La inflación en España está experimentando una notable subida, impulsada por el encarecimiento de los combustibles debido a la guerra en Irán. Según estimaciones de BBVA Research, la tasa de inflación podría alcanzar el 3,5% en marzo, ascendiendo desde el 2,3% registrado en febrero, con la posibilidad de llegar cerca del 4% hacia abril y mayo.
En una rueda de prensa ofrecida por Miguel Cardoso, economista jefe de BBVA para España y Portugal, se explicó que el conflicto en Irán ya está afectando los precios de los carburantes. «Por el momento, la electricidad no está teniendo variaciones relativamente importantes», señaló Cardoso, aunque anticipó un aumento en la inflación hacia abril y mayo.

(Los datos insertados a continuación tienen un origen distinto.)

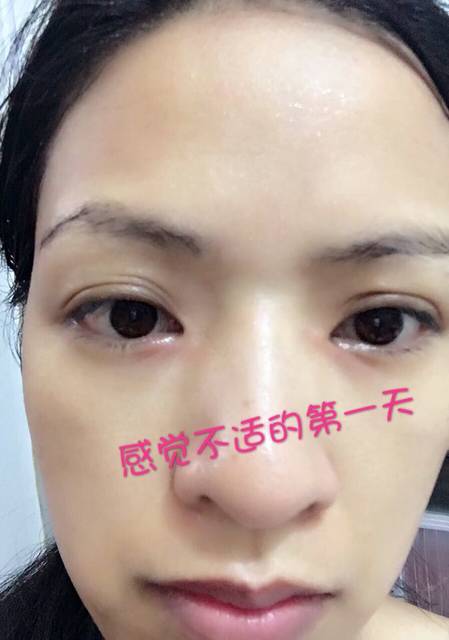 蜘蛛射尿,茶油好帮手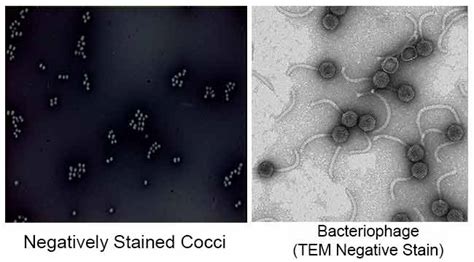 Cell Membrane in Bacteria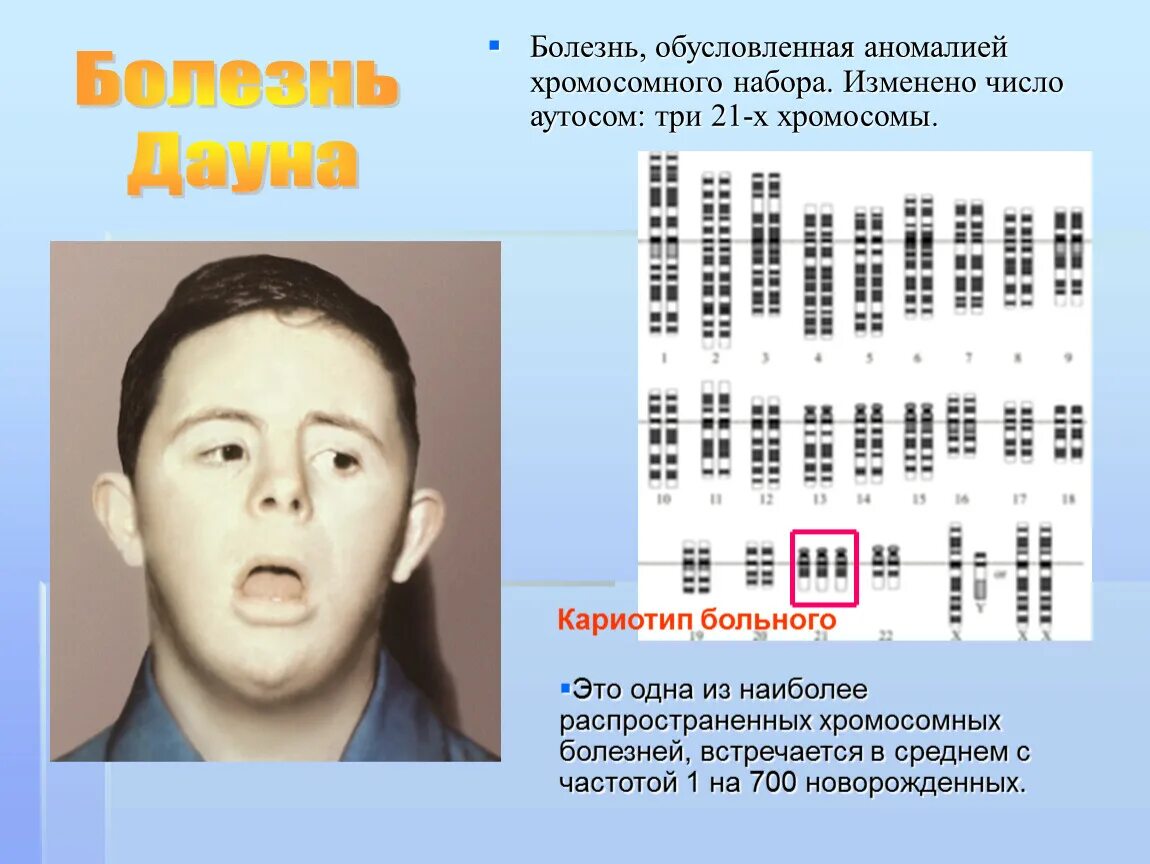 Болезнь Дауна хромосомный набор. Болезнь Дауна хромосомы. Болезнь Дауна набор хромосом. Хромосомные болезни аномалии аутосом.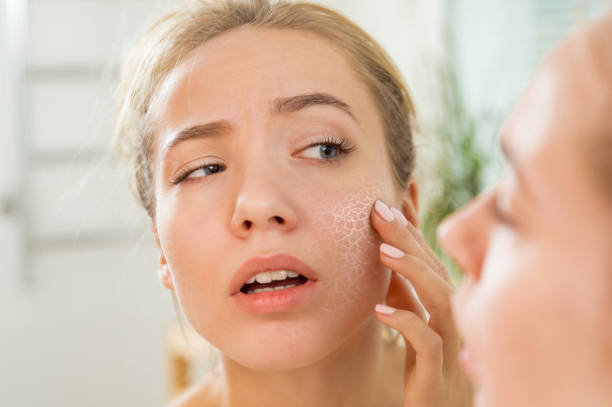 Read more about the article Dry Skin on the Face: Causes, Treatments, and More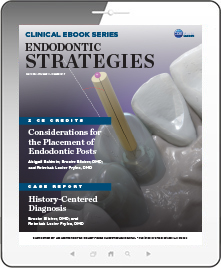 Endodontic Strategies eBook Thumbnail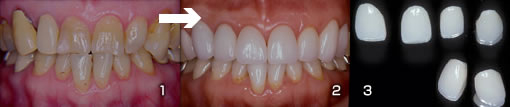 その他の審美歯科治療の症例3写真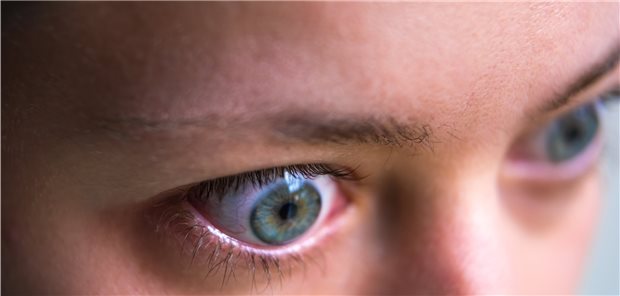 Erkrankungen von den Augen ablesen – das sind mögliche Zeichen Manche innere Erkrankung zeigt sich schon früh durch Symptome und Beschwerden an den Augen.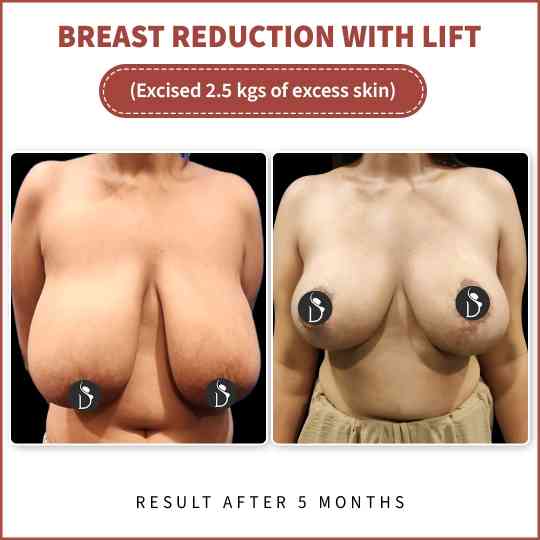 breast reduction surgery details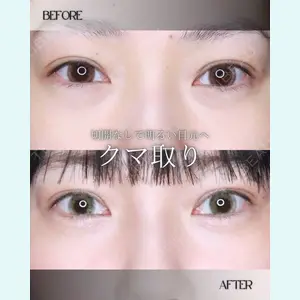 小倉美容外科/美容皮膚科 ビラビューティークリニック 大村 亞蘭医師の症例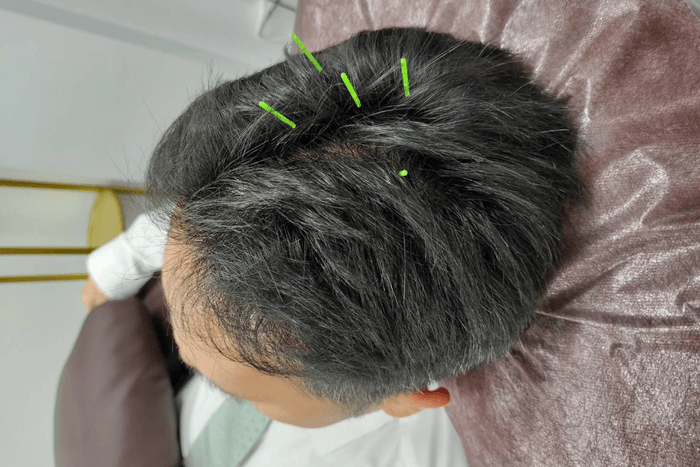 国家資格者による鍼灸とヘッドケアを融合した独自の施術。出張時も企業の要望に合わせ、本格的な鍼施術によるコンディショニングが可能。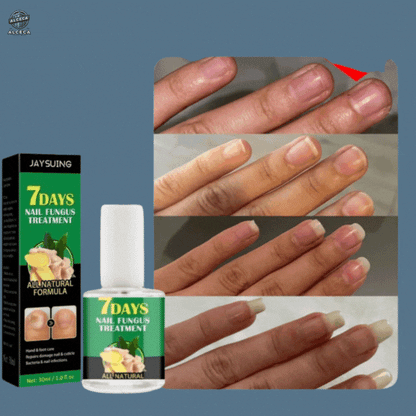 ¡Transforma tus uñas en solo 7 días!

En este contexto, los economistas de BBVA Research destacan que estos choques de oferta generan un aumento brusco de la inflación
Sin embargo, consideran que estos cambios no tienen por qué trasladarse a la inflación subyacente ni a las perspectivas de inflación a largo plazo. Mientras esto no ocurra, creen que el Banco Central Europeo (BCE) «se quedará quieto» respecto a los tipos de interés, a la espera de posibles efectos de segunda ronda que puedan influir en las expectativas de inflación.

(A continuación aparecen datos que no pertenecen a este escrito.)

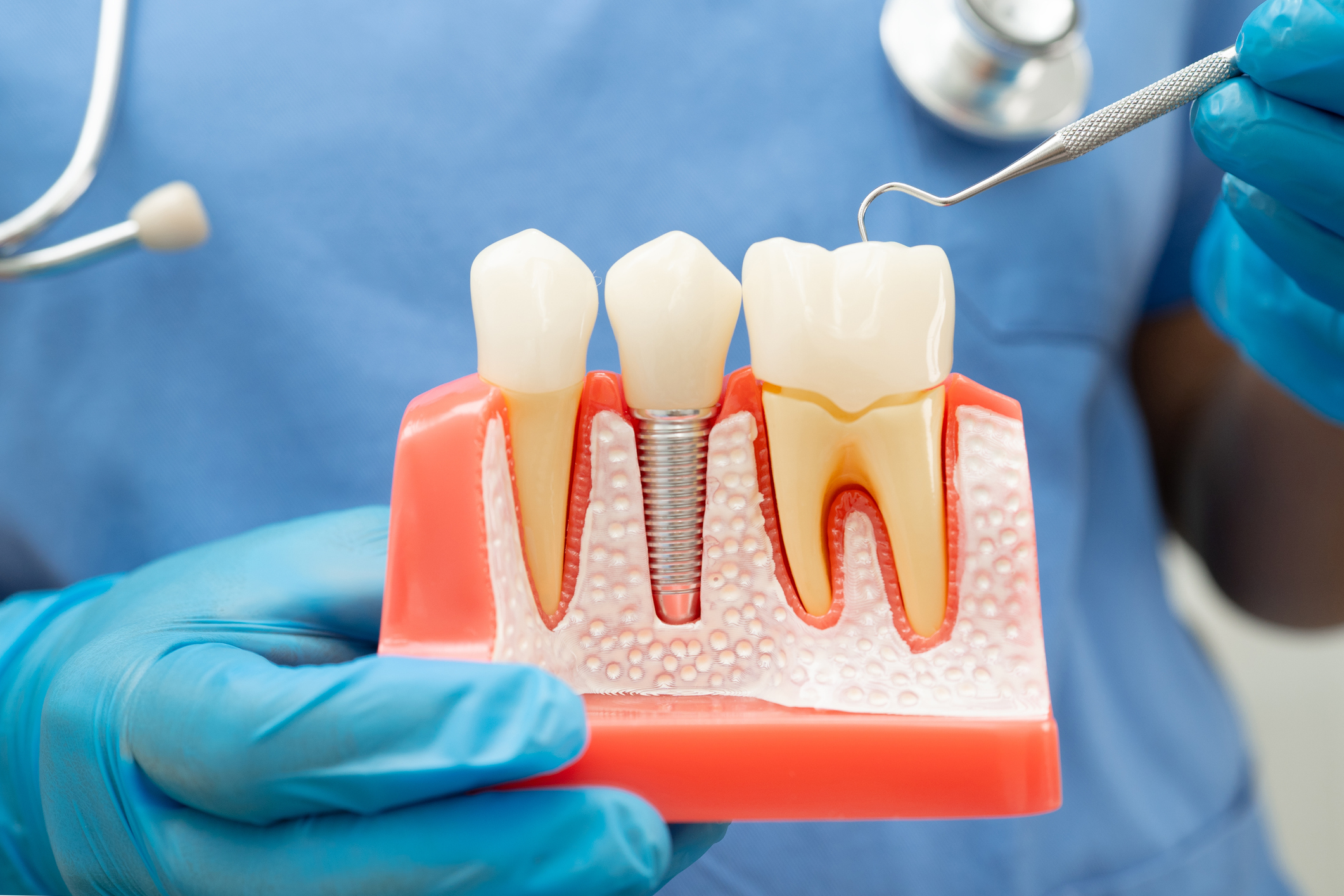 Zygomatic Dental Implants in London: Your specialist guide to new teeth, even with severe bone loss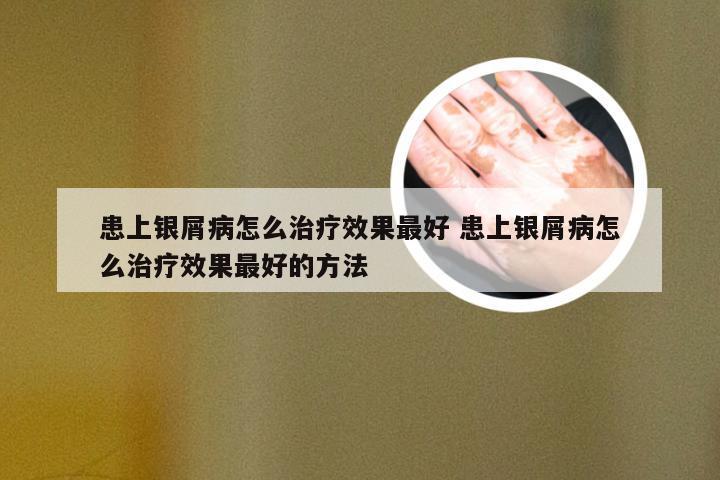 患上银屑病怎么治疗效果最好 患上银屑病怎么治疗效果最好的方法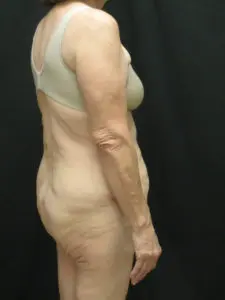 Pickart Plastic Surgery Before and After Pictures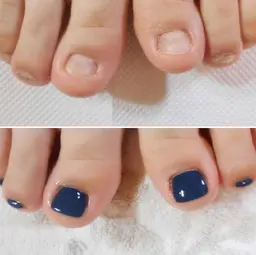 🦶【むしり癖・でこぼこ爪】🌿フット深爪矯正《ケア＋長さ出し＋ワンカラー仕上げ》
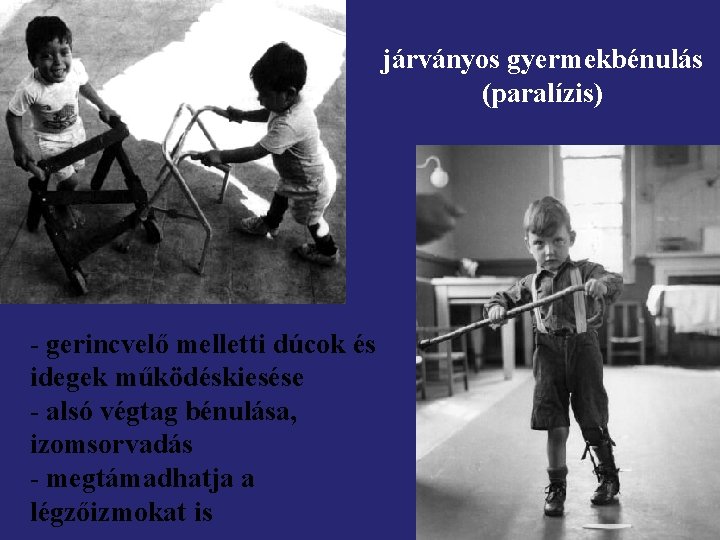 járványos gyermekbénulás (paralízis) - gerincvelő melletti dúcok és idegek működéskiesése - alsó végtag bénulása,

Rafael Doménech, responsable de Análisis Económico de BBVA Research, ha abogado por la «prudencia» a la hora de adoptar medidas gubernamentales para mitigar los efectos económicos del conflicto. Ha sugerido diseñar estrategias «focalizadas, no indiscriminadas» para mitigar el impacto en sectores intensivos en el uso de la energía y sobre el tejido productivo.

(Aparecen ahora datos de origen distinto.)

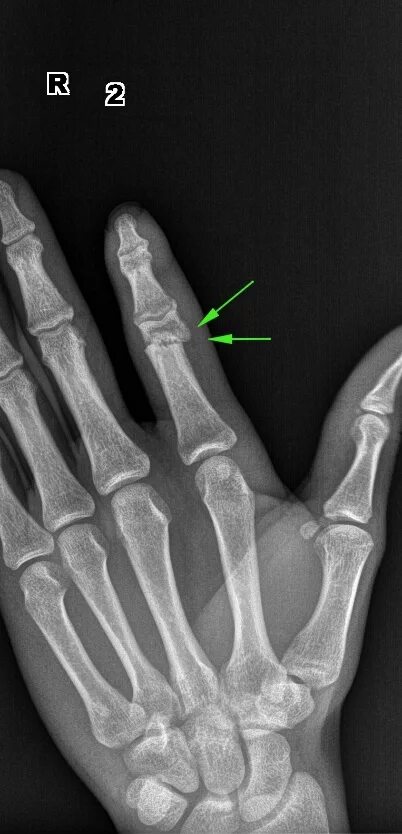 Смещение кости на руке без перелома. Перелом фаланги пальца рентген. Перелом фаланги кисти рентген. Перелом 2 пястной кости. Перелом фаланги мизинца рентген.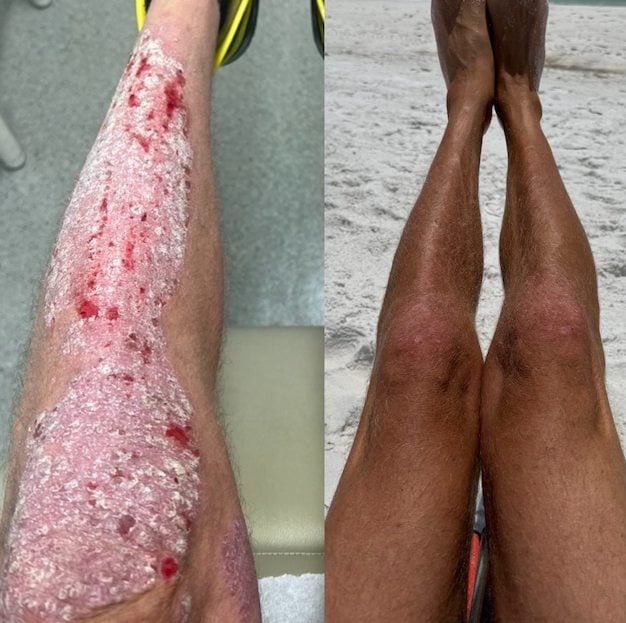 L'&eacute;volution du psoriasis de Stephen Lashbrook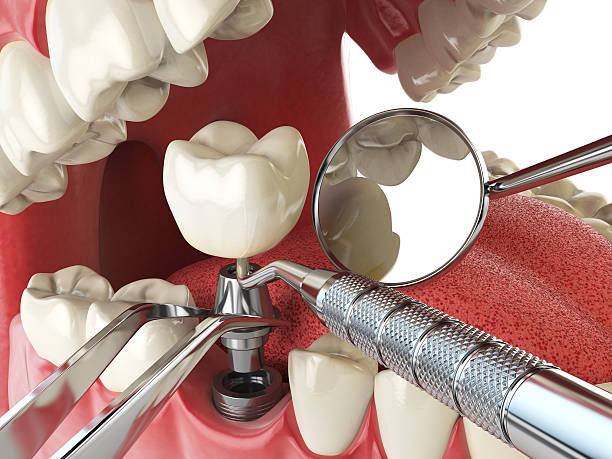 Best Emergency Dental Surgery in Lennox, CA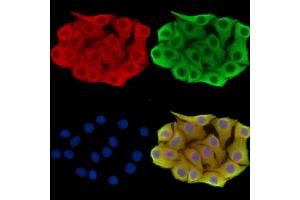 ABIN7095895 and ABIN7099957 staining Hela cells by IF/ICC. (RDH12 Antikörper)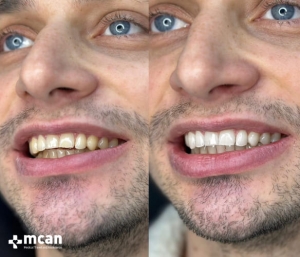 Белоснежные зубы благодаря отбеливанию зубов в Турции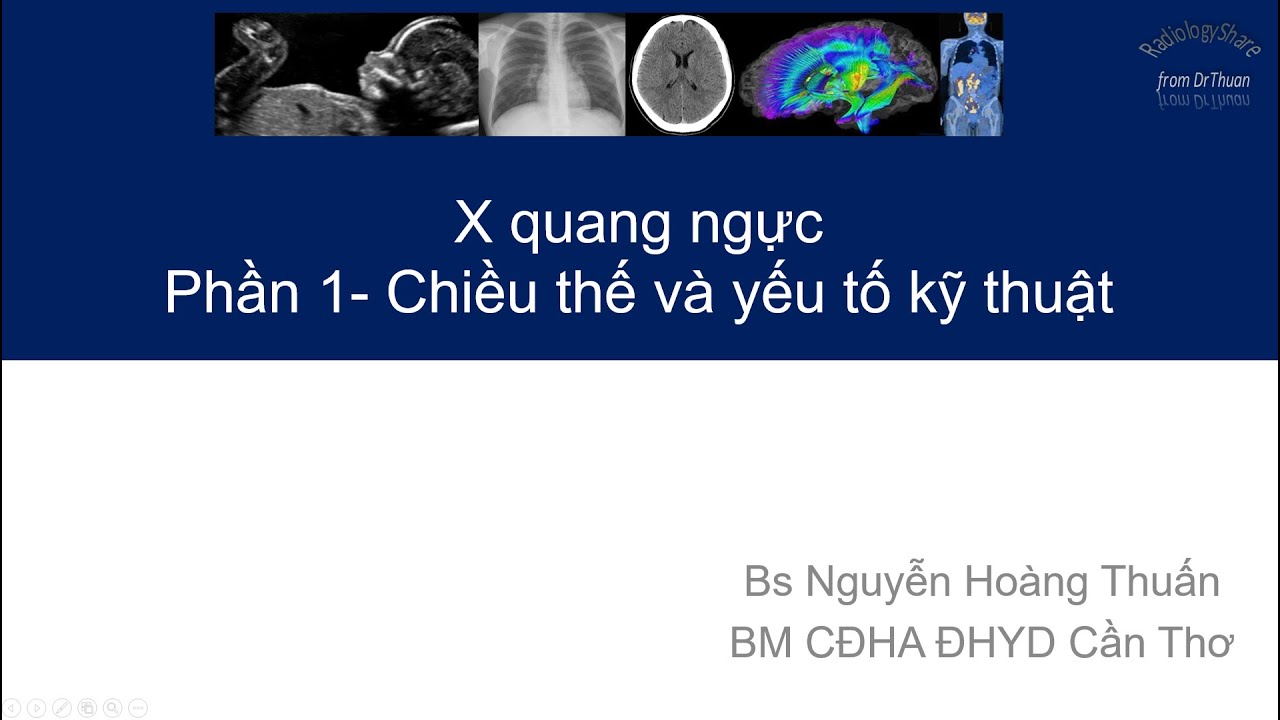 X quang ngực_ Phan1 Chieu The Va Yeu To Ky Thuat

Las medidas deben ser compatibles con la consolidación fiscal
Jorge Sicilia, economista jefe de BBVA y director general de BBVA Research, se sumó al llamado a la prudencia, enfatizando que bajar el IVA de los carburantes podría ser precipitado debido a su costo fiscal. Además, advierte que cualquier medida implementada debería ser temporal y tener claros sus límites, para evitar que se conviertan en transferencias permanentes de renta.
En resumen, la situación económica y las previsiones inflacionarias son delicadas, lo que motiva a los economistas a proponer medidas cautelosas. La sincronización y coordinación a nivel europeo podrían jugar un papel crucial en la efectividad de las políticas adoptadas en respuesta a esta crisis energética internacional.